Sunday, January 18, 2009

Australian Clean Energy Research Proposed

The Australian Academy of Technological Sciences and Engineering (ATSE) has issued "Energy Technology for Climate Change – Accelerating the Technology Response". This report proposes $6B for clean energy research by 2020. That may sound a lot, but is much less than that committed by government to support the car and finance industries in the last few months. ATSE also proposed an Energy Research Council to administer the funds for research, development and demonstration projects. This would be in addition to the Renewable Energy Fund, Energy Innovation Fund, Australian Solar Institute, National Low Emissions Coal Initiative and Global Carbon Capture and Storage Institute.

As the report points out, the incentives of the Carbon Pollution Reduction Scheme's carbon trading will not be able to reduce greenhouse gases (GHG), if there are not technologies to make it happen. However, I am not sure that the ATSE's solution of low-emission technologies for electricity generation on a massive scale is the answer.

Even if clean energy technology is developed, it may not be possible to deploy it by 2020. Measures to make the use of electricity more efficient and so reduce demand are also needed. In many cases these measures depend on small additions to existing technology, changes to software and changing the way people use energy. Rather than requiring new large machines, these techniques require minimal investment in hardware, but large investments in the behaviour of the users of the technology. This is a less glamorous, but important area of engineering research, which the ATSE should support.

An example of the large effects of small scale development, the Climate Change Group has suggested that the use of ICT could reduce carbon emissions by 15% by 2020.

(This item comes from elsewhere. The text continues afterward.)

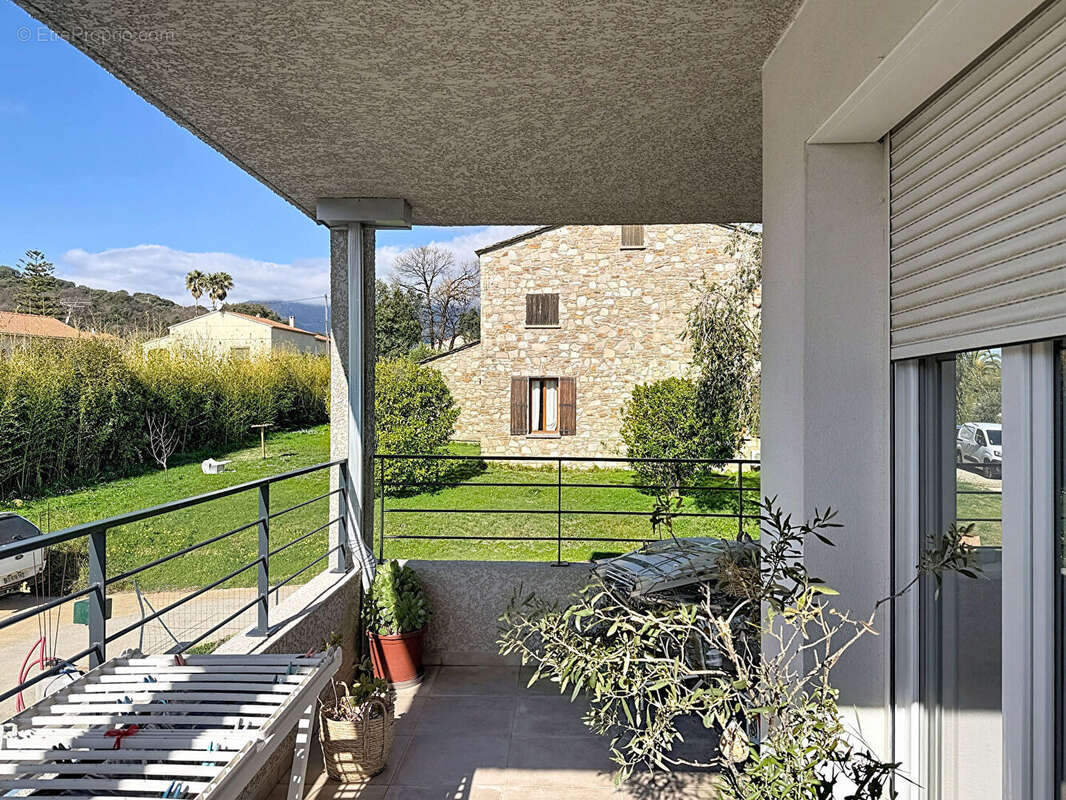 Appartement à MONTE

The ATSE report was prepared by Dr John Burgess FTSE and is 55 pages long (674 kbytes of PDF). In addition to the ATSE report there is a media release "Energy research needs $6 billion", 16 January 2009. It will be interesting to see the response to the report. In the late 1990s I was on the steering committee for the ATSE "Discipline Research Strategy on Information technology''. There was a disappointing response to that report's recommendations, although it might be argued that this lead to the creation of NICTA, Australia’s Information and Communications Technology (ICT) Centre of Excellence. However the funding may have been diffused too far across Australia, for political reasons, to emulate the Cambridge phenomenon.
  1. Pursue relentless application of cost-effective energy efficiency and conservation strategies so that stationary energy demand growth is less than one per cent a year, over a sustained period.
  2. Form an overarching Energy Research Council to identify and fund necessary RD&D proposals so that no worthy project is denied funding. Use the Council to supervise existing funding in these areas. To encourage early investment by private companies, limit the life of the Council to 10 years.
  3. Continue to support existing Australian programs (including the Renewable Energy Fund, the Energy Innovation Fund (including the creation of an Australian Solar Institute), the National Low Emissions Coal Initiative and the Global Carbon Capture and Storage Institute (including demonstration programs for CCS, and the Otway CO2CRC project).
  4. In terms of support for RD&D on the new technologies:
    • provide support for CCS for coal-fired electricity generation with high priority and emphasis on an accelerated program of technology demonstration at the largest possible scale in Australia;
    • provide support for geothermal technologies with high priority, and an emphasis on the demonstration of feasibility at commercial scale in Australia;
    • provide support for solar energy, aimed at increasing the efficiency and lowering the investment costs of solar PV and solar thermal technologies, preferably through participation of Australian researchers in international consortia and Australian demonstration of larger scale facilities.
    • accelerate the deployment of wind generation, where economic, using the best international technology at suitable sites in Australia. Undertake a review to establish the maximum possible future generation of wind power as a function of the number of feasible sites, expected capacity factors and the investment costs per unit of energy obtained. The review should include offshore sites;
    • undertake RD&D to support the introduction of energy storage mechanisms applicable for renewable energy technologies;
    • critically evaluate nuclear energy as a base-load technology option for the longer term; and
    • accelerate the deployment of gas-fired plants for electricity generation, based on coal-seam methane.
  5. Ensure that resources are made available for improvements in electricity transmission technologies and electricity grid infrastructure. Undertake a review of the national energy market to identify strategies that will optimise the market and maximise the capital efficiency of the suite of new technologies deployed.
  6. Allow accelerated depreciation or tax credits on new equipment aimed at greenhouse gas abatement and energy efficiency.
  7. Consider introducing a government guaranteed electricity procurement scheme at favourable prices to encourage investment in the success of new low-carbon technologies.
  8. Ensure that there is adequate provisioning for training of sufficient personnel in the skills that are necessary for the new technologies.
From: Energy Technology for Climate Change – Accelerating the Technology Response, by Dr John Burgess FTSE for the Australian Academy of Technological Sciences and Engineering (ATSE), December 2008, Released 16 January 2009.